Thus, heterologous regulatory (functional) domains (or functional fragments thereof) associated with the DNA binding domains described herein (e.g., ZFPs, TALEs, sgrnas, etc.) include, but are not limited to, for example, transcription factor domains (activators, repressors, co-activators, co-repressors), silencers, oncogenes (e.g., myc, jun, fos, myb, max, mad, rel, ets, bcl, myb, mos family members, etc.); DNA repair enzymes and their related factors and modifiers; DNA rearranging enzyme and its related factor and modifier; chromatin-associated proteins and their modifiers (e.g., kinases, acetylases and deacetylases); and DNA modifying enzymes (e.g., methyltransferases, topoisomerases, helicases, ligases, deubiquitinases, kinases, phosphatases, polymerases, endonucleases) and their related factors and modifiers. Such fusion molecules include transcription factors comprising a DNA binding domain and a transcription regulatory domain as described herein and nucleases comprising a DNA binding domain and one or more nuclease domains.
Fusion molecules were constructed by cloning and biochemical conjugation methods well known to those skilled in the art. Fusion molecules comprise a DNA binding domain and a functional domain (e.g., a transcriptional activation or repression domain). The fusion molecule also optionally comprises a nuclear localization signal (such as, for example, a signal from SV40 medium T antigen) and an epitope tag (such as, for example, FLAG and hemagglutinin). The fusion protein (and its encoding nucleic acid) is designed such that the translational reading frame is preserved between the components of the fusion.

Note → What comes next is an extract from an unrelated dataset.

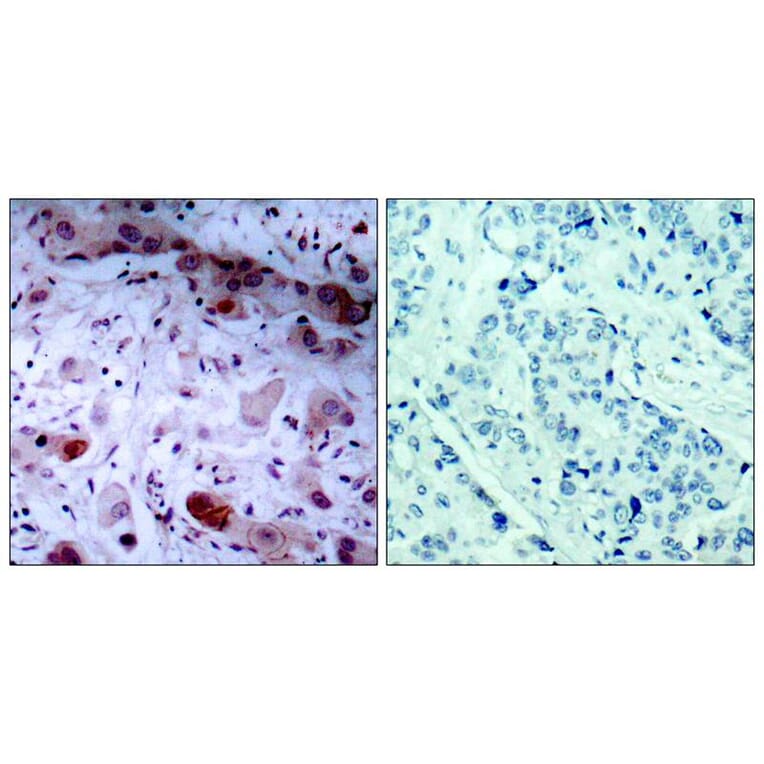 Immunohistochemistry - JAK1 (Phospho-Tyr1022) Antibody from Signalway Antibody (11149) - Antibodies.com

Fusions between the polypeptide component of the functional domain (or functional fragment thereof) on the one hand and the non-protein DNA-binding domain (e.g., antibiotic, intercalating agent, minor groove binder, nucleic acid) on the other hand are constructed by biochemical conjugation methods known to those skilled in the art. See, for example, the Pierce Chemical Company (Rockford, IL) catalog. Methods and compositions for making fusions between minor groove binders and polypeptides have been described. Mapp et al (2000) Proc. Natl. Acad. Sci. USA 97: 3930-. Likewise, CRISPR/Cas TFs and nucleases comprising sgRNA nucleic acid components bound to functional domains of polypeptide components are also known to those of skill in the art and are described in detail herein.
As known to those skilled in the art, the fusion molecule may be formulated with a pharmaceutically acceptable carrier. See, e.g., Remington's Pharmaceutical Sciences, 17 th edition, 1985; and commonly owned WO 00/42219.

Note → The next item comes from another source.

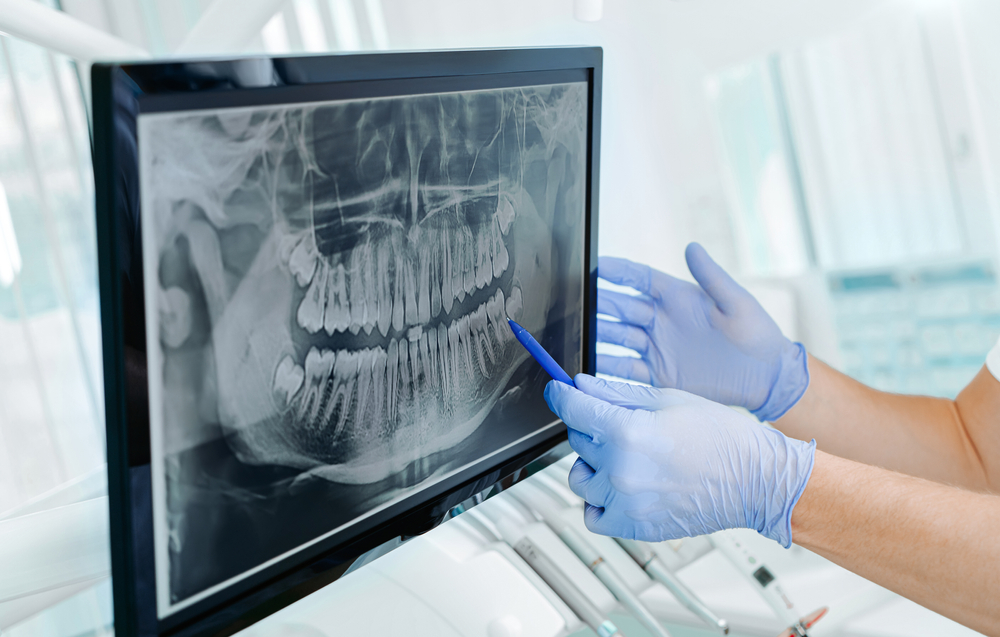 The Role of Digital X-Rays in Modern Dental Diagnosis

The functional component/domain of the fusion molecule may be selected from any of a number of different components that are capable of affecting gene transcription once the fusion molecule binds to the target sequence via its DNA binding domain. Thus, functional components may include, but are not limited to, various transcription factor domains, such as activators, repressors, co-activators, co-repressors, and silencers.
In certain embodiments, the fusion molecule comprises a DNA binding domain and a nuclease domain to create a functional entity that is capable of recognizing its intended nucleic acid target through its engineered (ZFP or TALE) DNA binding domain and creating a nuclease (e.g., a zinc finger nuclease or TALE nuclease) that cleaves DNA near the DNA binding site via nuclease activity. Such cleavage results in inactivation (repression) of the targeted gene. Thus, gene repressors also include targeted nucleases.
It will be clear to the skilled person that in the fusion protein (or its encoding nucleic acid) formed between the DNA binding domain and the functional domain, the activation domain or a molecule interacting with the activation domain is suitable as the functional domain. Basically, any molecule capable of recruiting an activation complex and/or activation activity (such as e.g. histone acetylation) to a target gene can be used as activation domain of a fusion protein. Insulator domains, localization domains and chromatin remodeling proteins suitable for use as functional domains in fusion molecules, such as ISWI-containing domains and/or methyl binding domain proteins, are described, for example, in U.S. Pat. No.7,053,264.
Thus, the methods and compositions described herein are broadly applicable and can involve any artificial nuclease or transcription factor of interest. Non-limiting examples of nucleases include meganucleases, TALENs, and zinc finger nucleases. The nuclease may comprise a heterologous DNA binding and cleavage domain (e.g., zinc finger nucleases; TALENs; meganuclease DNA binding domains with heterologous cleavage domains), or alternatively, the DNA binding domain of a naturally occurring nuclease may be altered to bind a selected target site (e.g., a meganuclease that has been engineered to bind a site different from the associated binding site). Non-limiting examples of artificial transcription factors include ZFP-TF, TALE-TF, and/or CRISPR/Cas-TF.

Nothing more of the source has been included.